Dartford Tolls - Please sign petition
http://www.petitionbuzz.com/petitions/axethetax
This is from the Kent Messenger and needs 100,000 signatures to be sent to Parliament. It's about them hiking the prices on the Dartford tolls to £2 per car in November and then £2.50 in april each way.
The tunnel has already been paid for 3 times over and they are in the process of making 75% of their staff redundant so why should they put the prices up.
Anyway, please sign even though this may not affect you.
0
Comments
Down with all cheating swindlers.
Can we have a petition about rail fares too?
Done.
Thieving mothers.
The following comes from briefing note SN/BT/442 in the House of Commons Library:
In 1987 the then Conservative Government proposed an expansion of what was then the Dartford-Thurrock Tunnel under the Thames. It proposed using private finance to build a new bridge at Dartford which, along with the existing tunnel would become a single crossing. It legislated for this in 1987-88 and the Dartford-Thurrock Crossing Act 1988 provided the primary legislation for the construction of the new bridge by a private company and for the Secretary of State to take control of the tunnels from Kent and Essex County Councils (to let to the private company as part of the concession). The new bridge and the existing tunnel have since been known, collectively, as the Dartford Crossing.46
The tolls were introduced primarily to pay for the costs of the bridge’s construction – that was achieved in 1999 – but the Labour Government used a separate part of the 1988 Act to permit the company to go on charging for a further three years in order to fund ‘future maintenance’ of the Crossing. Thus, in 2003 the ownership of the Crossing reverted back to the government and it replaced the toll with a road charge (still called a toll), under the provisions of section 167 of the Transport Act 2000. The tolls paid now are, therefore, tolls paid to the government. The local councils do not get any money from the toll. A 2009 FOI response from the Department for Transport explains their reasons for this.47
I think from that maybe it is an urban myth, in that what would stop once the building work was payed for was the private company's concession to charge a toll. All that's happened is that the right to charge the toll switched to the government. I've glanced through the Dartford-Thurrock Crossing Act (1988), and can find no reference to tolls stopping on completion of construction-cost payments. It seems that either we've been duped, or we've duped ourselves.
Signed the petion. Lets hope the government will take note but I suspect not, as I think it is a ploy to maximise the price they can get when they sell the crossing.

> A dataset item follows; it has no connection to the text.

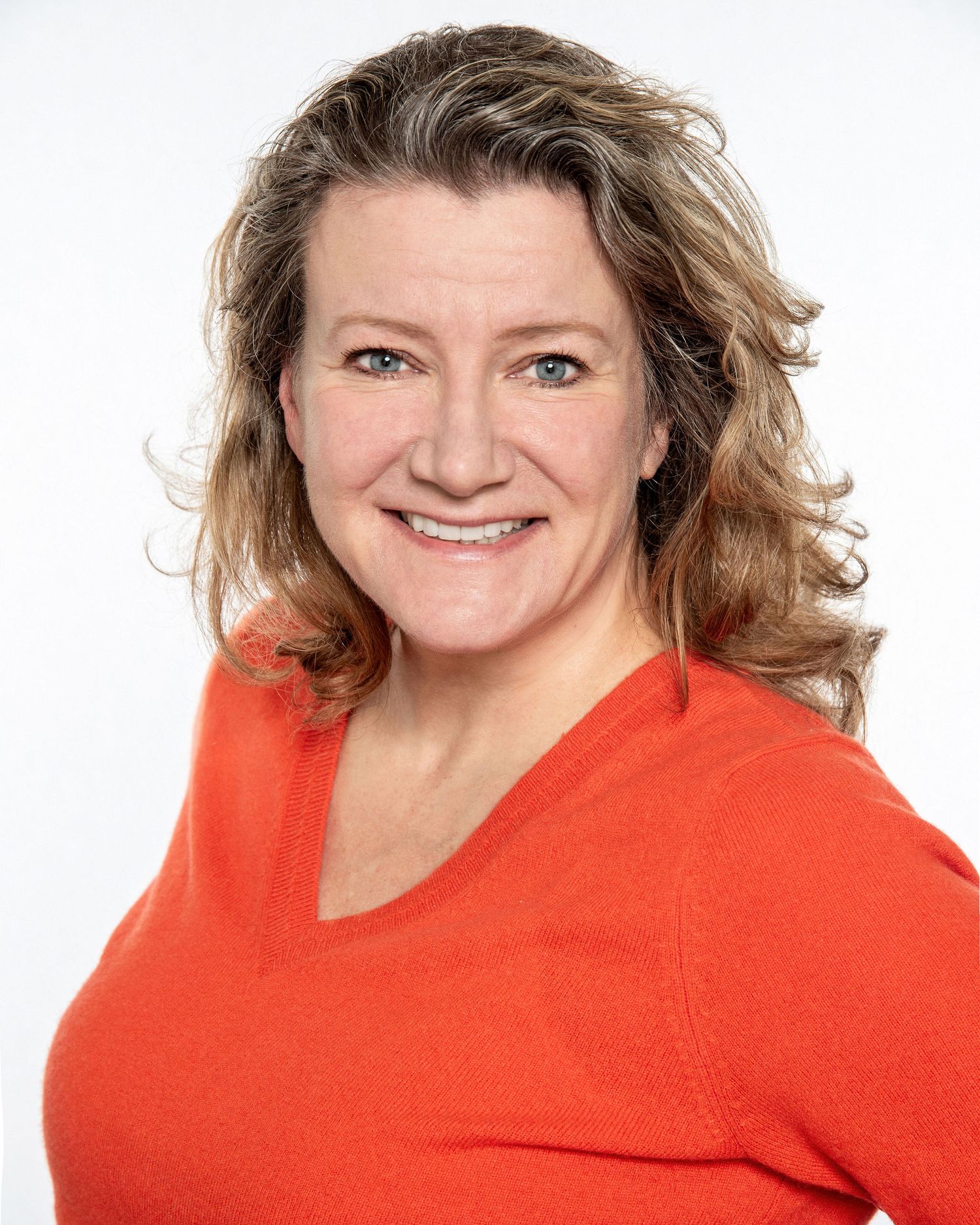 Professional portrait against white background featuring person in bright orange sweater.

The original maximum toll period
5Subject to the following provisions of this Part of this Schedule, where section 11(6) of this Act applies the period during which the Secretary of State may levy tolls is—
(a)where the appointment of the person appointed under that section to levy tolls comes to an end after the transfer date, the period beginning immediately after the termination of his appointment and ending at the end of the period of twenty years beginning with the transfer date; or
(b)in any other case, that period of twenty years;
and the period applicable in accordance with this paragraph is referred to below in this Part of this Schedule as the original maximum toll period.
Do that a few times and I will guarantee you'll get the desired results.
Ironic that a suggestion for "protest" should come from a Tottingham fan ;0)
Signed.
This latest hike is over the top. It is nothing more than money grabbing, especially at a time house holds and businesses are stretched.
The bridge at its inception was supposed to be free once the costs had been covered.
They've had the ability to do so but up till now had refused ... thereby causing traffic havoc at times when it could have been relieved.
Today is the first sign of common sense.